Friday, 18 July 2014

Software release cycle

Software can have bugs, and any ongoing development has to consider carefully how the updates and development is released.

At one end of the spectrum, and obviously "best practice", one has carefully written and reviewed specifications not only of the overall system but each change that is being considered. One has a team generating the necessary test specifications, and another team writing the test systems, and another team that do module testing and regression testing. You have the developers and then people that review the code changes. Then you have alpha release to internal users, and beta release to external testers and then finally a planned and announced release along with a detailed and tested roll-back plan.

At the other end of the spectrum you have code that is hacked around on a live system and not properly tested and constantly changing and broken.

Both extremes have serious problems.

Interestingly, we are suffering from some of the "best practice" approach with the new roaming SIMs as it is taking ages for the mobile operator to get the new tariffing system in place for this. In the past, even with a serious bug in BT's 20CN network, it has literally taken years to get the bug fixed. The mobile operator is actually very agile for a telephone company.

We are at neither extreme - but annoyingly, over the last couple weeks, a couple of issues have come up which makes us want to improve things. We tend to be agile which means that we have much more rapid processes for testing and deployment. It does not mean we have none, obviously, but it has the down side that occasionally the live systems can run in to problems. Part of being agile is that you also have to be very good at fire fighting to reverse or resolve such problems, and we are good at that. We have a very good team.

I have mentioned some of the processes we go through for things like FireBrick development in the past. We have pretty good procedures for our LNS updates which use FireBrick. The issues of late have specifically related to our VoIP platform (though there was also a database issue which affected VoIP).

We have a couple of legacy platforms that are being phased out, but our main VoIP system is a pair of call servers, and a pool of RADIUS servers to direct calls as well as logging CDRs for billing. We have a pool of call recording and voicemail servers as well. We also have a separate test VoIP server connected to separate RADIUS server and separate call recording server.

When we make changes, fixing bugs or adding features, we test these locally, then we test on our office server and the test VoIP server. We are able to direct SIMs to the test server as well as have customers log in to the test server if needed. Once we are happy with the changes we deploy them on the live servers. In some cases there have been important changes that need to rolled out to resolve customer issues - lately there is a customer using a specific make of call server which has a number of quirks. This has meant that we are updating the live servers every couple of days.

We're not entirely happy that this system provides enough of a buffer between the stable customer experience of the service, and the active changes we are making, so the plan is to set up two more call servers along with RADIUS and recording platforms.

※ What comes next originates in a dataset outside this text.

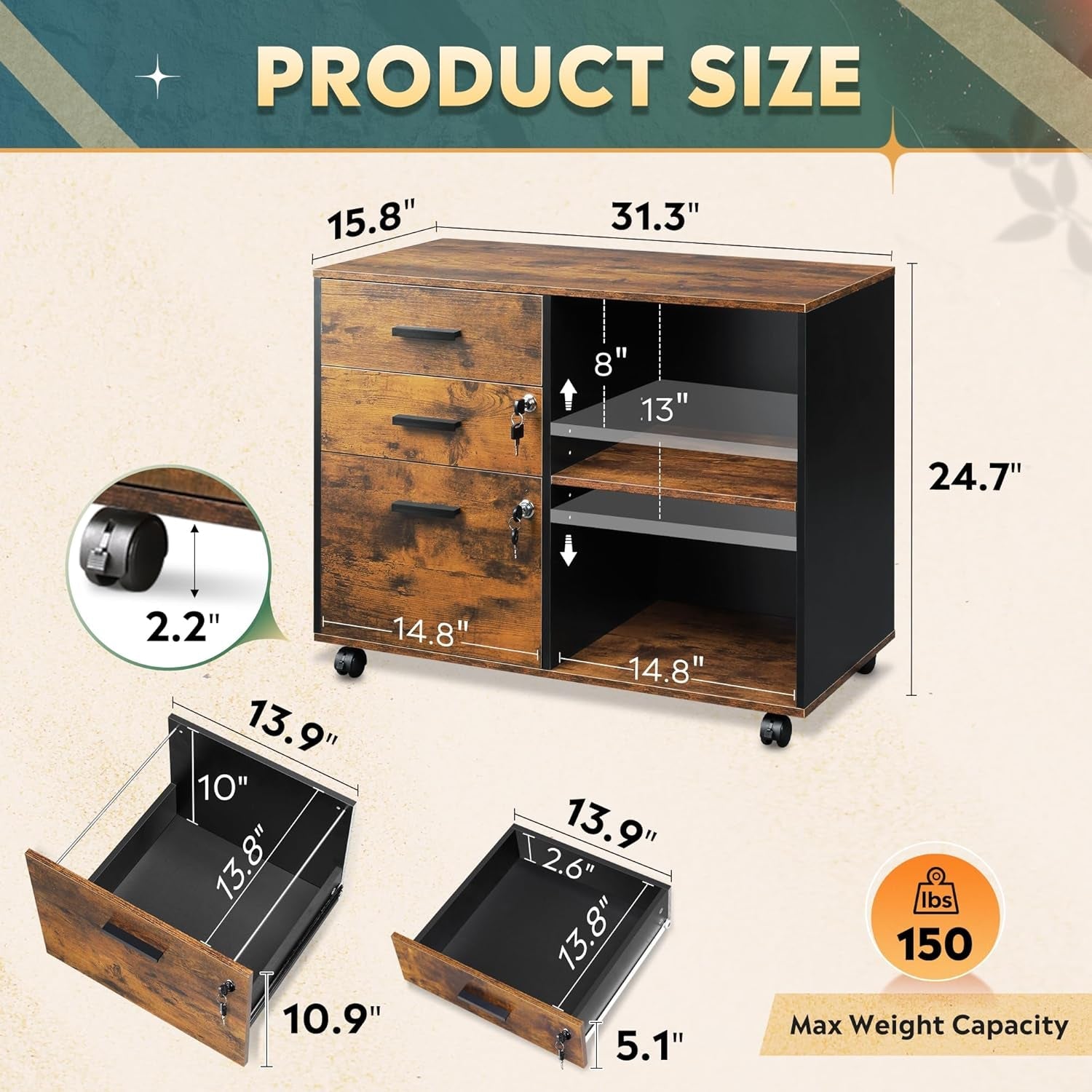 3 Drawer Wood File Cabinet With Lock For Home Office-1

We'll have our test server which is really only for our use and the one customer at a time with which we are working. We'll have the agile test servers on which we deploy new code regularly and on which we expect there to be a number of customers that need the latest features or just like to be leading edge. We'll then have the two existing servers that are stable. The idea is that we can have people on the test servers indefinitely if necessary even if it is months before we do a new stable release. These test servers should be at least as stable as the existing servers, but the stable servers used by most people will change very infrequently.

Because the call servers all work within a specific published range of IP addresses, this work is a bit tricky and tied in with the legacy servers being removed. However, we think it is an important step for ensuring we have a good quality of service for customers.


  1. Release early, release often

    1. Not for business critical code. The delemma which the Rev is facing is pretty common; balancing the need to get bug minimised code into service without huge delays which ensure that known bugs stay in service longer.